There are several ways of introducing a new idea in the English language: by using the introductory structure “there is/are” or by using the introductory “it”. So what’s the difference?
We commonly begin a sentence with the structure “there + be” when we want to introduce a new thing or person. This structure is often used when we need to show the idea that something exists, especially in a particular location or at a particular time.
There is so much grumbling about everything. Maybe it’s time you stopped whining and did something?
There’s a grubby T-shirt on the floor. Would you care to explain?
When asking a question, we have to invert this structure by placing the linking verb “to be” at the beginning of the sentence:
Is there a good carpenter in the neighborhood? Have you asked anyone around?
Is there anyone who calls you names at school?
We can use the structure “there + verb + to be” (there seems to be, there appears to be, there used to be, there tends to be).
There seems to be some background noise in the room. I can’t identify the source, though.
There appears to be a problem with the transaction. Your payment is currently on hold.
Don’t forget that the verb “to be” usually agrees with the subject.
There is a dunce at school who still doesn’t know the multiplication table.
There are lots of newly-built hotels that have definitely ruined the coastal view.
If you’re still hungry, there’re some grapes in the fridge.
Very often “there + be + noun” is followed by a to-infinitive, a wh-clause, a that-clause or a present participle.
There is a puzzle that you need to solve.
There is a parrot that can talk like a human.
There are several things to discuss before the meeting begins.
There is a young man waiting for you in the hallway.

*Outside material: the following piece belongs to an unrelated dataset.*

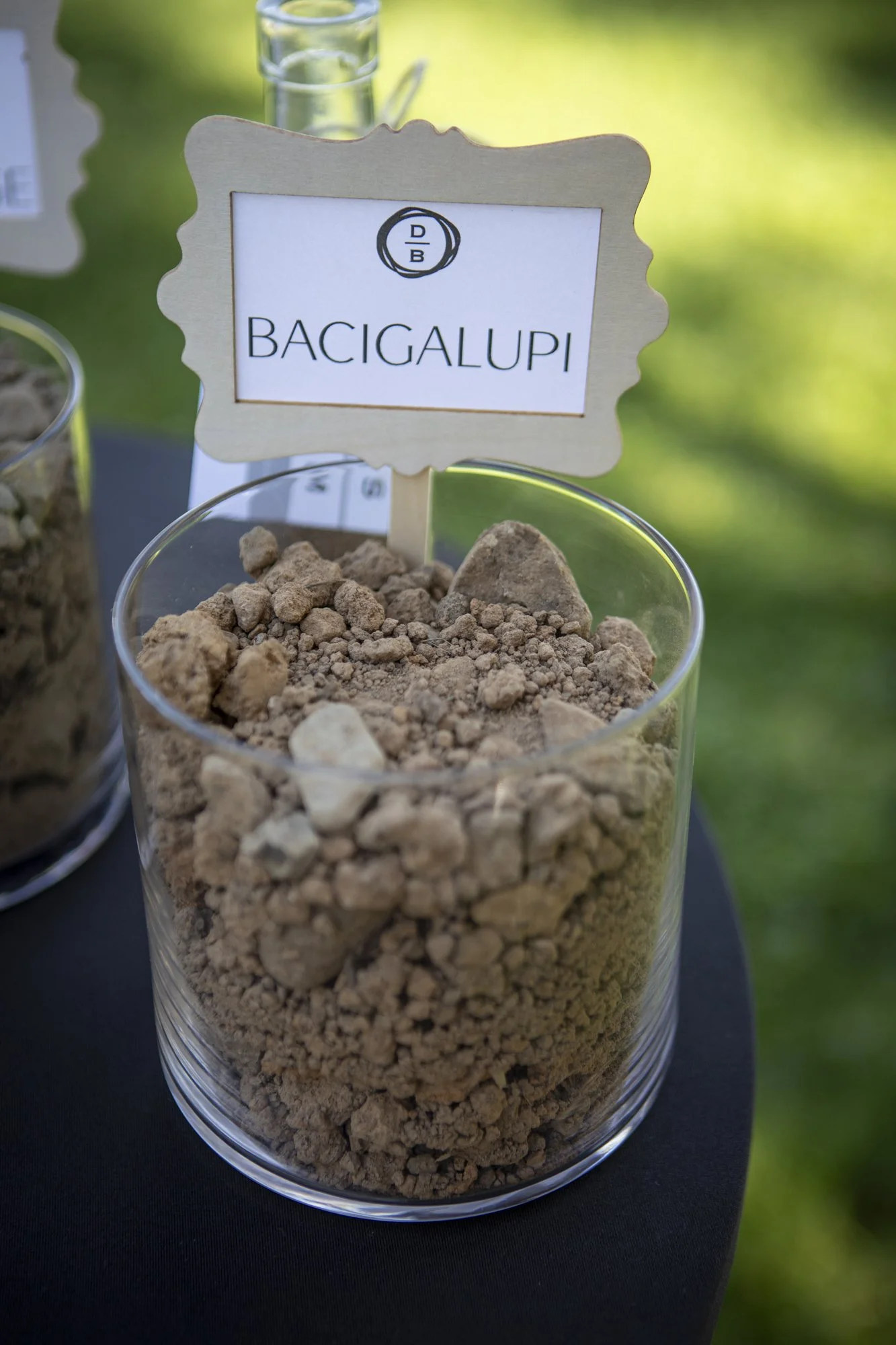 PINE_Adruni_Bungalow Remodels_Fall 202534645.jpg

“There being” is a special clause in formal English. We use it when we want to show the reason why something happens or must happen:
There being no further discussions, the session was ended.
We usually put an introductory “it” at the beginning of a sentence and place the complex grammar at the end of a sentence:
The English people being selfish is a common belief.

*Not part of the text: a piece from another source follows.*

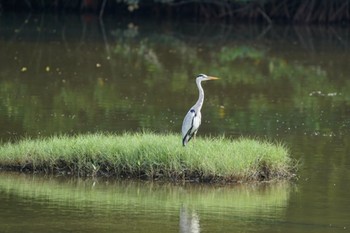 Grey Heron Sungei Buloh Wetland Reserve Sun, 11/1/2020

It is a common belief that the English people are selfish.
We use an introductory “it” when we want to emphasize or focus on some facts or events that will follow closer to the end of the sentence.
It is dangerous to play with matches.
But! Playing with matches is dangerous.
When the subject is expressed by a secondary clause (a that-, wh-, -ing clause) or a to-infinitive, the introductory “it” is commonly used:
It’s not true that all our dreams come true.
It’s important not to clutter the kitchen as the new fridge is to be delivered tomorrow.
It’s not worth pruning back the advertising budget by 20%.
The common structures with an introductory “it”:
- it + verb + object + to-infinitive:
It scared him out of his wits to have seen her lying on the floor unconscious.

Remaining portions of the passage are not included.